Tutorial 6: Custom Script

The main objective of this tutorial is to perform voice quality analysis on the corpus using a Praat script and extract spectral measures like H1-H2, H1-A1, H1-A2, and H1-A3.

As in the other tutorials, import statements and the corpus name (as it is stored in pgdb) must be set for the code in this tutorial to be runnable. The example given below continues to make use of the “tutorial-subset” corpus we have been using in tutorials 1-5.

Note

The following Python scripts are presented in step-by-step blocks to guide you through the process. However, it is expected that you run the entire Python script as a single unit when using PolyglotDB.

The complete Python script is available here `tutorial scripts`_.

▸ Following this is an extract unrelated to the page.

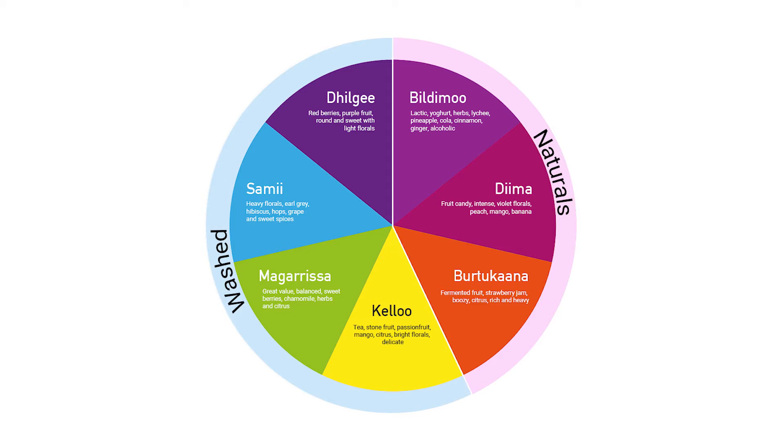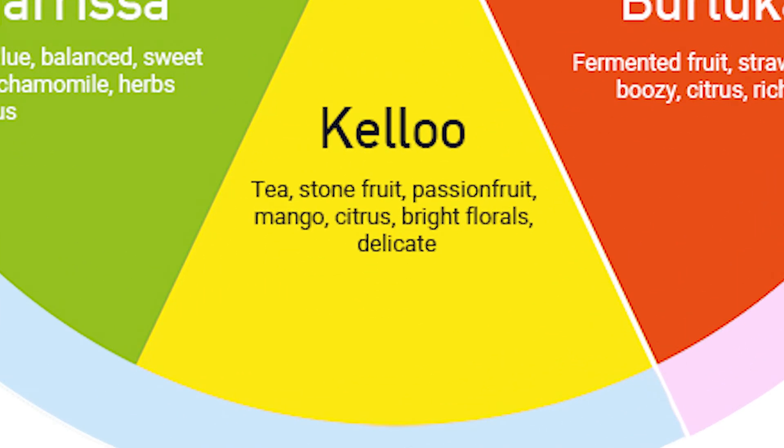So today we're talking about Kelu. Kelu is a washed coffee with a profile of tea-like qualities, stone fruit, a little bit of tropical fruit like mango or passion fruit, and soft floral attributes. I'm really excited — let's cup first.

from polyglotdb import CorpusContext

corpus_name = 'tutorial-subset'
script_path = '/path/to/your/praat/script'
export_path_1 = './results/tutorial_6_subset_voice_quality.csv'
export_path_2 = './results/tutorial_6_subset_voice_quality_mean.csv'
praat_path = "/usr/bin/praat"   # Make sure to check where Praat executable is stored on your device and change accordingly

The Example Praat script

The Praat script used for this analysis will extract H1-H2 and amplitude differences for higher harmonics (A1, A2, A3). It is adopted from an online script from the UCLA Phonetics Lab. For more information on how to format your Praat script, check out (Encoding other measures using a Praat script)

Performing VQ Analysis

with CorpusContext(corpus_name) as c:
    c.reset_acoustic_measure('voice_quality') # Reset exisiting acoustic measure
    c.config.praat_path = praat_path
    # Properties extracted from the Praat script
    props = [('H1_H2', float), ('H1_A1', float), ('H1_A2', float), ('H1_A3', float)]

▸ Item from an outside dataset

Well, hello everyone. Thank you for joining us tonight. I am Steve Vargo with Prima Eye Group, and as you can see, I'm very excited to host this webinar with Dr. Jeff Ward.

    # Custom arguments (must be universal across all sound files)
    arguments = [10]  # Number of measurements per vowel
    c.analyze_track_script('voice_quality', props, script_path, subset='vowel', annotation_type='phone', file_type='vowel', padding=0.1, arguments=arguments, call_back=print)

Note

When annotation_type is set to phone or word, some sound file segments may be too short for certain analyses. (For example, the Sound: To Pitch… command in Praat requires each segment to be longer than a minimum duration.)

If you encounter such an error, you can try adding padding to the segments. The modified segments will have a new duration calculated as: duration = duration + 2 * padding.

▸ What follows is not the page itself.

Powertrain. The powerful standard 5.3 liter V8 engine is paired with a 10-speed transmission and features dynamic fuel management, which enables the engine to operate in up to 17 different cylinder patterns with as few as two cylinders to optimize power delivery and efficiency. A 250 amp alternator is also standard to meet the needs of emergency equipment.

However, ensure that your Praat script defines the analysis range correctly so that the measurements are performed within the original sound range. Any measurements obtained outside the segment’s original time range will not be stored after the analysis is complete.

The file_type parameter has three options based on resampled frequency upper bounds: 16000Hz for consonant, 11000Hz for vowel, and 2000Hz for low_freq. Choose the one that best fits your analysis range. By default, you can use consonant.

Querying results

After running the analysis, we can query and export the results to verify the extracted data.

The CSV file will contain the following columns:

Phone label: The label of the phone.
Begin/End time: The time range for the phone.
Voice quality measures: H1-H2, H1-A1, H1-A2, and H1-A3 values.

# 2. Query and output analysis results
print("Querying results...")
with CorpusContext(corpus_name) as c:
    q = c.query_graph(c.phone).filter(c.phone.subset=='vowel')
    q = q.columns(c.phone.label.column_name('label'), c.phone.begin.column_name('begin'), c.phone.end.column_name('end'), c.phone.voice_quality.track)
    q = q.order_by(c.phone.begin)
    results = q.all()

    # Display sample result
    print(results[0].track)

    # Export to CSV
    q.to_csv(export_path_1)

Calculating Mean Values

To understand the general trend, we can encode acoustic statistics (mean).

with CorpusContext(corpus_name) as c:
    acoustic_statistics = c.get_acoustic_statistic('voice_quality', 'mean', by_annotation='phone', by_speaker=True)

    # Display example result
    key = ('61', 'AO1')
    value = acoustic_statistics[key]
    print("speaker_word_pair: {}".format(key))
    print("mean measures: {}".format(value))

    # Export to CSV
    with open(export_path_2, 'w', newline='') as csv_file:
        writer = csv.writer(csv_file)
        header = ['speaker', 'vowel'] + [k for k, _ in next(iter(acoustic_statistics.values()))]
        writer.writerow(header)

        for (speaker, vowel), measures in acoustic_statistics.items():
            row = [speaker, vowel] + [v for _, v in measures]
            writer.writerow(row)

The CSV file generated will then be ready to open in other programs or in R for data analysis. You can see a full version of the script and its expected output when run on the ‘LibriSpeech-subset’ corpora.